Colonial and post-colonial India are divisions that are now more relevant to a historian than a littérateur because Indian-English literature has transcended the barriers of petty classifications and has become amalgamated with mainstream English literature. When V. S. Naipaul at a writers’ retreat in Neemrana, Delhi, scoffed at some of the writers’ fixation with colonialism, his point was worth noting. Writers of Indian origin, especially NRI writers like Salman Rushdie, Anita Desai and Amitav Ghosh have gained enormous respect in the literary circle of the world, particularly in the field of fiction. The NRI writers have explored their sense of dislocation, which is a perennial theme in all exile literature. In fact NRI writers have given more poignancy to the exploration by dealing not only with a geographical but also a socio-cultural sense of displacement.
Non-resident Indian writers can be grouped into two distinct classes. One class comprises those who have spent a part of their life in India and have carried the baggage of their native land offshore. The other class comprises those who have been bred since childhood outside India. They have had a view of their country only from the outside as an exotic place of their origin. The former group of NRIs have a literal displacement whereas the latter group find themselves rootless. Both the groups of NRI writers have produced an enviable corpus of English literature. Their concerns are global concerns as today’s world is afflicted with the problems of immigration, refugees, exiles and they all give birth to that very sense of displacement and rootlessness.

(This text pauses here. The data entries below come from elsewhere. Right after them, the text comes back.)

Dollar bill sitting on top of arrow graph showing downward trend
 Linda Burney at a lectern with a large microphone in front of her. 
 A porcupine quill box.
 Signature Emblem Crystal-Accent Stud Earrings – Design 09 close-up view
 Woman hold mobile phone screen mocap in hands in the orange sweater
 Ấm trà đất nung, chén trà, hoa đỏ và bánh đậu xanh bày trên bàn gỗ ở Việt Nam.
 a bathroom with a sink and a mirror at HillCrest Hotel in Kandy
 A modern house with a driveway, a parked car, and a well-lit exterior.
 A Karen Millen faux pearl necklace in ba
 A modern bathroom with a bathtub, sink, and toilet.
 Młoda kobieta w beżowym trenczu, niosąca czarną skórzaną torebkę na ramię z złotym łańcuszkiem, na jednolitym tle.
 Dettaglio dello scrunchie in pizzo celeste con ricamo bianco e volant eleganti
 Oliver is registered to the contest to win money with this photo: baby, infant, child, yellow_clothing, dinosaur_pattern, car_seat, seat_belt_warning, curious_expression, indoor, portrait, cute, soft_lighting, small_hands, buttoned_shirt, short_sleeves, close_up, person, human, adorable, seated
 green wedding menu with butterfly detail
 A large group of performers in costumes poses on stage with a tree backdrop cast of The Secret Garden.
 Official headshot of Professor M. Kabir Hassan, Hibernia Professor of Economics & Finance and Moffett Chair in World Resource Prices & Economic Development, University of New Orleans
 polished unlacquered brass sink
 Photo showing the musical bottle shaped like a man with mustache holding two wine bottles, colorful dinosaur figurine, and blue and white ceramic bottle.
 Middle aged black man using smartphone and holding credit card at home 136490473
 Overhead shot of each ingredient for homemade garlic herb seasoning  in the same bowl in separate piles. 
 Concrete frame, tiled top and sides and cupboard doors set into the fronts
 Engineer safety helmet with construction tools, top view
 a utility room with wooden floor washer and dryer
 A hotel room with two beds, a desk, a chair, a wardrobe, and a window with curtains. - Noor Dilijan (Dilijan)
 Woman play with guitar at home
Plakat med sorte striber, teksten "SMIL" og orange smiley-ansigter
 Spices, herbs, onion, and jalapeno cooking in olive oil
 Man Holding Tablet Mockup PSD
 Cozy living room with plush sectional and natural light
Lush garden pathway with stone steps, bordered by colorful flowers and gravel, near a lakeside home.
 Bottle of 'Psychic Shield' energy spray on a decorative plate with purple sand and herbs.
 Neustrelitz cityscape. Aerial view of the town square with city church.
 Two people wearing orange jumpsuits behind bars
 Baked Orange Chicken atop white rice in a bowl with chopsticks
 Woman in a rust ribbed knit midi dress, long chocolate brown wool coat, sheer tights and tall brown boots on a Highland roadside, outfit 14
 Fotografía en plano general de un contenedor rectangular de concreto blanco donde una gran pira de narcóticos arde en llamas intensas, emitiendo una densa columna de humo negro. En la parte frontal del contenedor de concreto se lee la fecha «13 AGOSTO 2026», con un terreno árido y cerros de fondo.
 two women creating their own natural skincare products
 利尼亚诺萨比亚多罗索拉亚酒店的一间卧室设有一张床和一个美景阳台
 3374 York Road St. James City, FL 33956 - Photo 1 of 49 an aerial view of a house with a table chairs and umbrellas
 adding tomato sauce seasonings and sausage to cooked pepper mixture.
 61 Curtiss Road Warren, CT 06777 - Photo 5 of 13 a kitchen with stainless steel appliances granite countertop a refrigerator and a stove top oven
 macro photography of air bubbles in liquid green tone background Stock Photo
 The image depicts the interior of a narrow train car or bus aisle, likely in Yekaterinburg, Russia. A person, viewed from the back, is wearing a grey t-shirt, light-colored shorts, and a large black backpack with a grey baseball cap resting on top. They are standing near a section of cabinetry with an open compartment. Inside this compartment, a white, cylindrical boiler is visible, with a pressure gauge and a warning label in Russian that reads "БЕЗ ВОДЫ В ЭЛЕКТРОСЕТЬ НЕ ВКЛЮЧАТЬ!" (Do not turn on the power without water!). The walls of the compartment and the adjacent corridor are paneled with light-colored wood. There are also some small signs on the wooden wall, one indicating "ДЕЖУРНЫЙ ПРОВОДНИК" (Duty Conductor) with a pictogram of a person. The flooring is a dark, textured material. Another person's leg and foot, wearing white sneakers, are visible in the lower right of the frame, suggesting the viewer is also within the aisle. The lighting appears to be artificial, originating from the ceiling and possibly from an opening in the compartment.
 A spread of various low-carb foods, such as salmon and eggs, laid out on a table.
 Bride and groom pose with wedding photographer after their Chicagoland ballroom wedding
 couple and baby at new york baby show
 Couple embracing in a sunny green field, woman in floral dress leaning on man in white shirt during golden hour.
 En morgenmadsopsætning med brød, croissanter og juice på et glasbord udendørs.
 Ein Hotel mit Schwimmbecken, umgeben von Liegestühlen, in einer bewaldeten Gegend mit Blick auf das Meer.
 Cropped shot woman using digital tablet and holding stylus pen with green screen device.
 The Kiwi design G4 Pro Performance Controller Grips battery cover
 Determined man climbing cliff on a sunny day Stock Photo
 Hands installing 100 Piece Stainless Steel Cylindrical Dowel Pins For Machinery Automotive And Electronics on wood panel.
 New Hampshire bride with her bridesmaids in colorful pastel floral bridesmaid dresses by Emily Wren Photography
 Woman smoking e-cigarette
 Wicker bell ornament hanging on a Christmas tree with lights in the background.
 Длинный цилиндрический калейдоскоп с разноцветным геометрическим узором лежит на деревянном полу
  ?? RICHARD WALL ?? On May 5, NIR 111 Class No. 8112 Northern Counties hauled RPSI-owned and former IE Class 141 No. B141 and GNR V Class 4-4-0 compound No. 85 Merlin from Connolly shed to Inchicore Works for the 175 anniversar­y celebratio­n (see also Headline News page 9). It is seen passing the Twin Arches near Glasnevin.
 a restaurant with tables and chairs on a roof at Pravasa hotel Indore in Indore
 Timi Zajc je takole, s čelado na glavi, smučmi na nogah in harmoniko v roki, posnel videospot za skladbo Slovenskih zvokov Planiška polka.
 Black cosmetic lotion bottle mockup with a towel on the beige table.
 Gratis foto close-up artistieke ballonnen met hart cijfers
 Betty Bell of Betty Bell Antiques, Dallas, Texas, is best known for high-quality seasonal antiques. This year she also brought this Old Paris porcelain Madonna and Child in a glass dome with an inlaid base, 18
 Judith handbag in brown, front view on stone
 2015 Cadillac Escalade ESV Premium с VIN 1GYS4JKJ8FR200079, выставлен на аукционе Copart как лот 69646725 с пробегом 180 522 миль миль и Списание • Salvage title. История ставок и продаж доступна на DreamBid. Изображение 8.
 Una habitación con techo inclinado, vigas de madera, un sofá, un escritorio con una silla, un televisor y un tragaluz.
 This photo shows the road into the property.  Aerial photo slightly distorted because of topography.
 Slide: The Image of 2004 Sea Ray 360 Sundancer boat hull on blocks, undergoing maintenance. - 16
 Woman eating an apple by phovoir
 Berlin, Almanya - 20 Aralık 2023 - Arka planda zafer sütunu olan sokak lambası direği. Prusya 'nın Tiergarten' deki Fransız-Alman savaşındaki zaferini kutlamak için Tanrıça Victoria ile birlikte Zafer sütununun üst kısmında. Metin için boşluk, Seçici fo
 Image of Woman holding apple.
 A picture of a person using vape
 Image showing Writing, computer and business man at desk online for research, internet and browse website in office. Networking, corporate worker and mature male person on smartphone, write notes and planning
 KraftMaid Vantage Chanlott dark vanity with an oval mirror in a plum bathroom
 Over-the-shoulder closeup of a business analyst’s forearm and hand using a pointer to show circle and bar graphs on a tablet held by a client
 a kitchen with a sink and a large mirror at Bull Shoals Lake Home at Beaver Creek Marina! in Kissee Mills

The first group of NRI writers have already established their credentials but recently the second group of NRI writers have seen their ranks swell enormously and many among them like Rohinton Mistry, Jhumpa Lahiri have already made a name for themselves. Formerly NRI writers dealt generally with NRI characters but lately they have also taken a liking for Western characters and they have been convincing in dealing with them. The big issues like religious intolerance and racial discrimination are no longer the main concern of an NRI writer. The world as a global village has become more accommodating and now what matters are the small things. Little, unacknowledged things gain enormous importance in changed situations. It is here that the differing reactions by Western and NRI characters towards similar circumstances are found to differ only superficially. The inner needs of all human beings are the same. If alienation is a part of NRI experience then it does not mean it won’t find a victim in a Western character- some might be alienated from happiness, some from peace and so on.